**Given data**
-- Opening Marker --
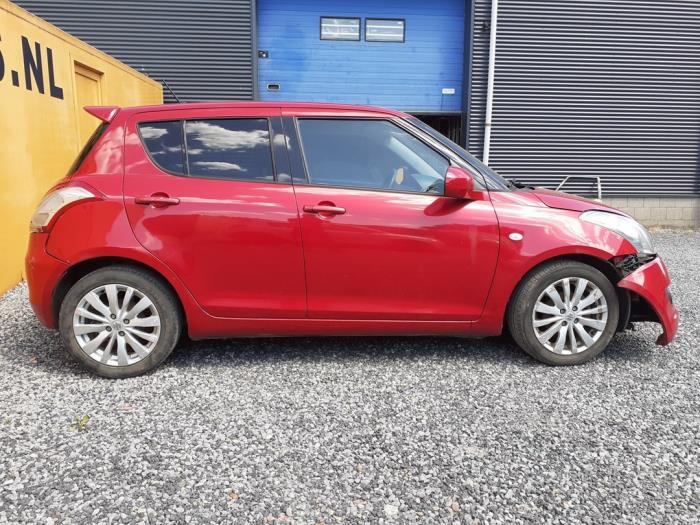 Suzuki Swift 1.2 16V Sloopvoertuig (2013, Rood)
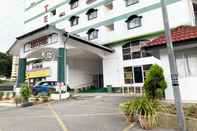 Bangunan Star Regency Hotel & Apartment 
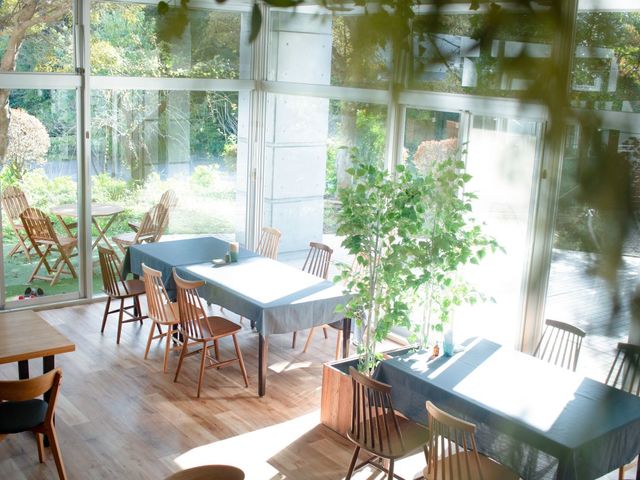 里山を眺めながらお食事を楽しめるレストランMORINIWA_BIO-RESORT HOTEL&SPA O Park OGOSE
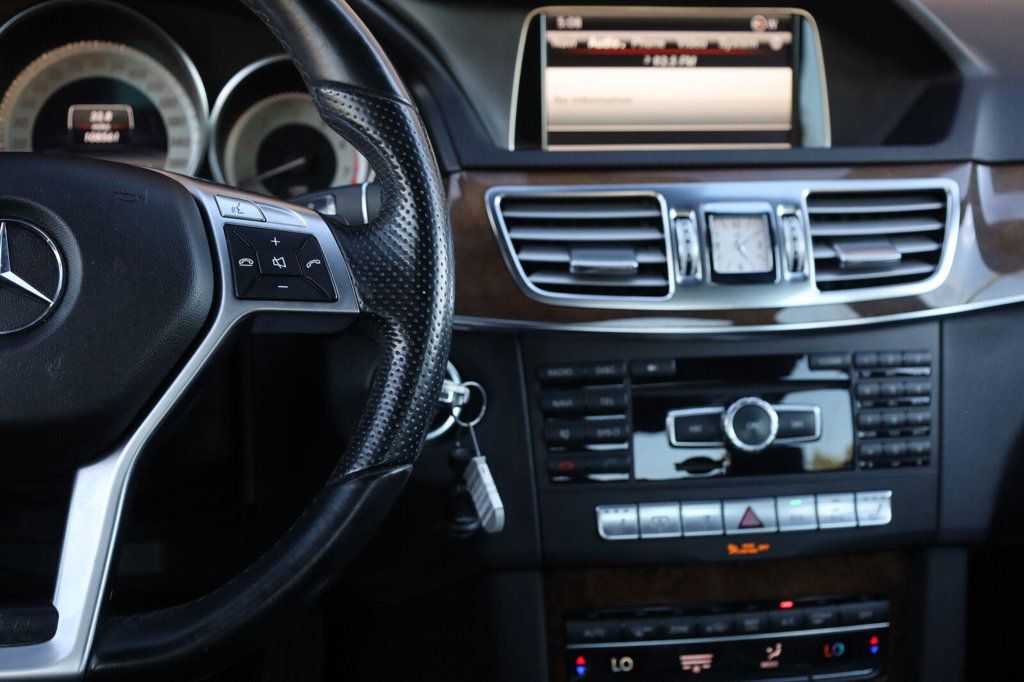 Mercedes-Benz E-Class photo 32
-- Closing Marker --
**What is expected**
Exclude the images, then output the data above word for word.

**Answer box**
 Suzuki Swift 1.2 16V Sloopvoertuig (2013, Rood)
 Bangunan Star Regency Hotel & Apartment 
 里山を眺めながらお食事を楽しめるレストランMORINIWA_BIO-RESORT HOTEL&SPA O Park OGOSE
 Mercedes-Benz E-Class photo 32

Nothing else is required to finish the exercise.